* [Task to complete]
For the data below, transcribe the part that opens with the line containing "Digital painting of" and closes with the line containing "Set Küchenofen /", exactly and with no pictures.

* [Source material]
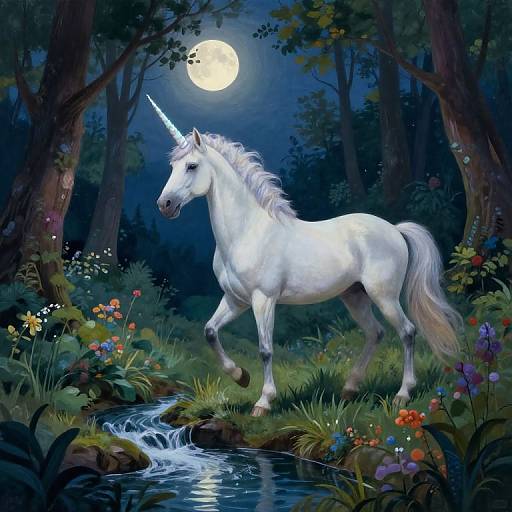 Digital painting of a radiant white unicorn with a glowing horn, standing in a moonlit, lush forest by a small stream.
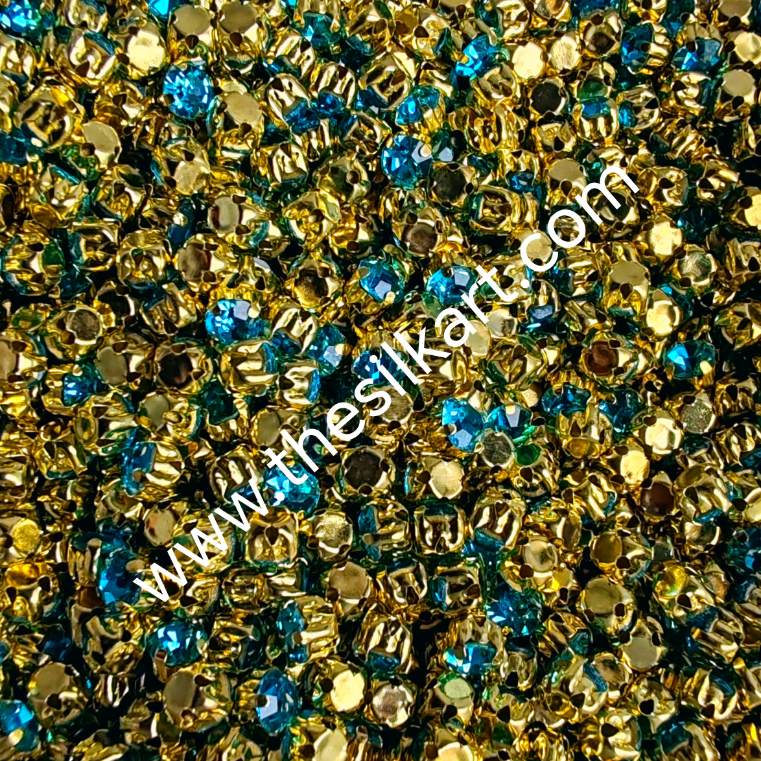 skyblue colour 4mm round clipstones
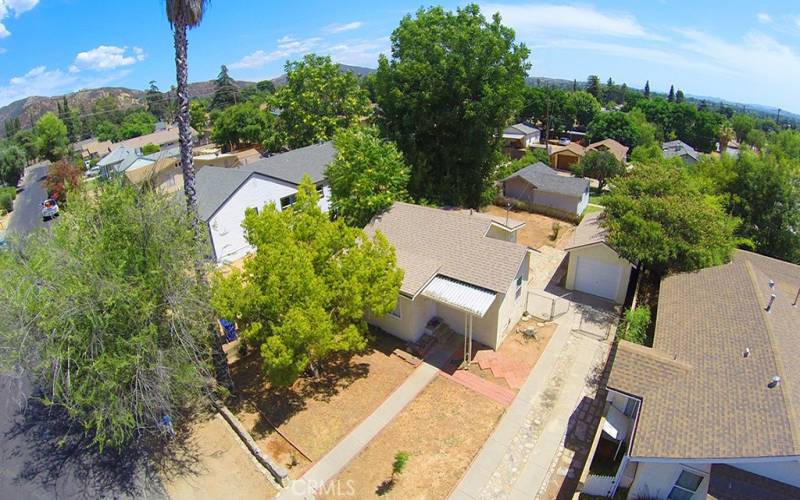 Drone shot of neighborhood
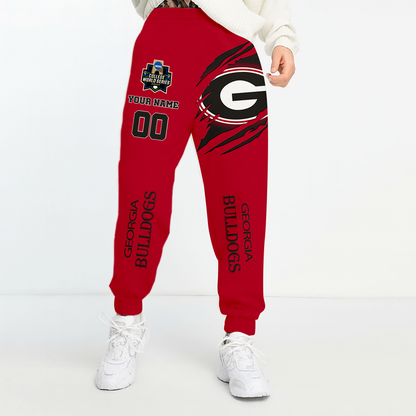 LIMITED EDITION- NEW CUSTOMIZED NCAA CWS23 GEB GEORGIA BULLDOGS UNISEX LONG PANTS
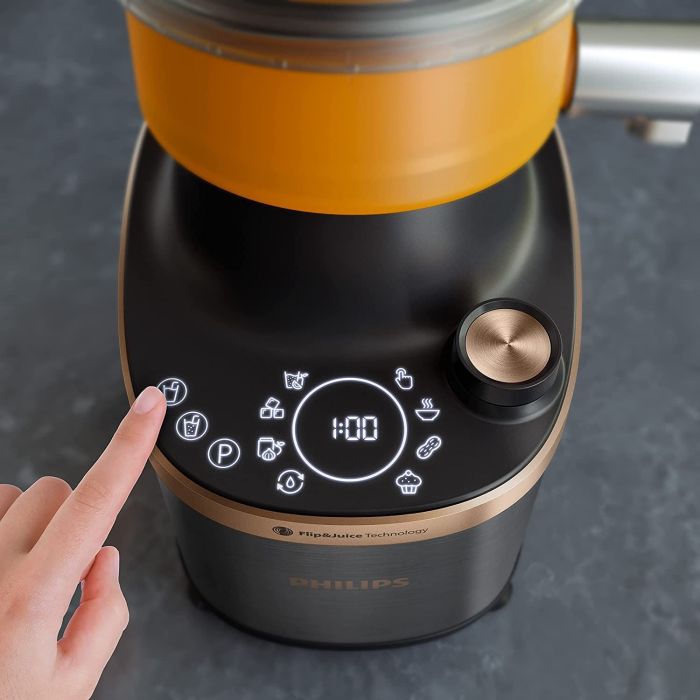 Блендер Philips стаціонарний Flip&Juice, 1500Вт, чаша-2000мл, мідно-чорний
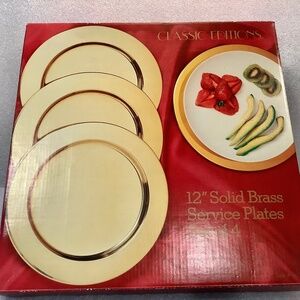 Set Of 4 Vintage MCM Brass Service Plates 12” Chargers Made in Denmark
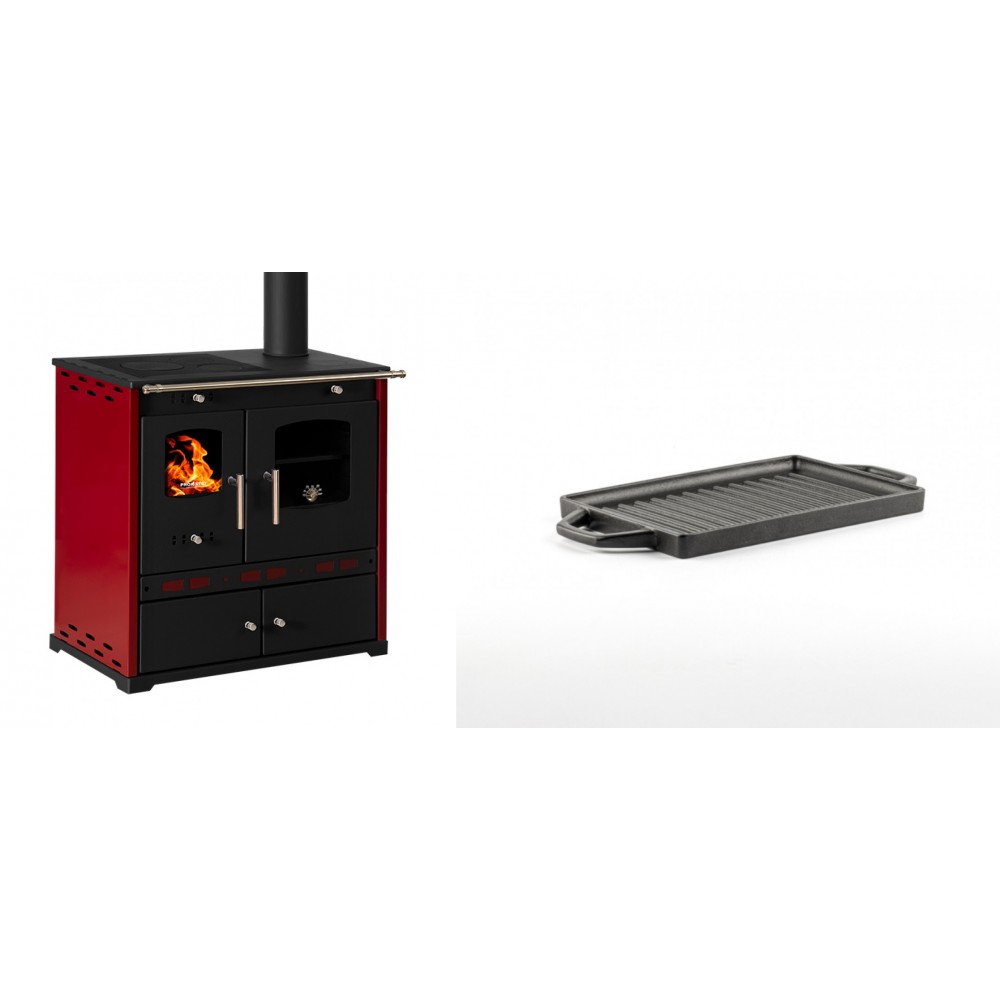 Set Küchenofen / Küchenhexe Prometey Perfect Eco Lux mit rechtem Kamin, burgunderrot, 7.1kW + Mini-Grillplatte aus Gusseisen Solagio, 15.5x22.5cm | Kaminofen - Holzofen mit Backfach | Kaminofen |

---

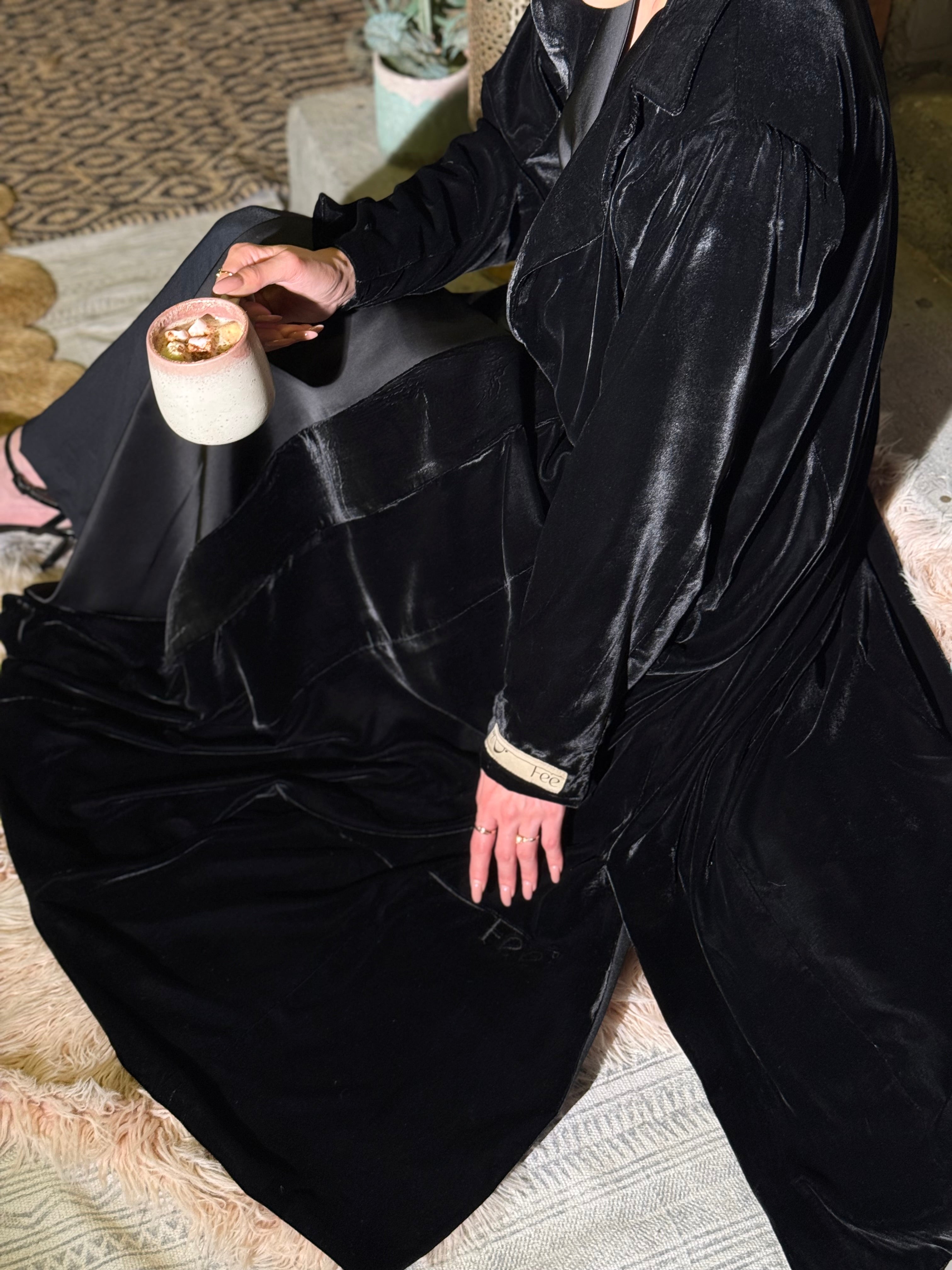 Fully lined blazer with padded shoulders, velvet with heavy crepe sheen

* [Task result]
 Digital painting of a radiant white unicorn with a glowing horn, standing in a moonlit, lush forest by a small stream.
 skyblue colour 4mm round clipstones
 Drone shot of neighborhood
 LIMITED EDITION- NEW CUSTOMIZED NCAA CWS23 GEB GEORGIA BULLDOGS UNISEX LONG PANTS
 Блендер Philips стаціонарний Flip&Juice, 1500Вт, чаша-2000мл, мідно-чорний
 Set Of 4 Vintage MCM Brass Service Plates 12” Chargers Made in Denmark
 Set Küchenofen / Küchenhexe Prometey Perfect Eco Lux mit rechtem Kamin, burgunderrot, 7.1kW + Mini-Grillplatte aus Gusseisen Solagio, 15.5x22.5cm | Kaminofen - Holzofen mit Backfach | Kaminofen |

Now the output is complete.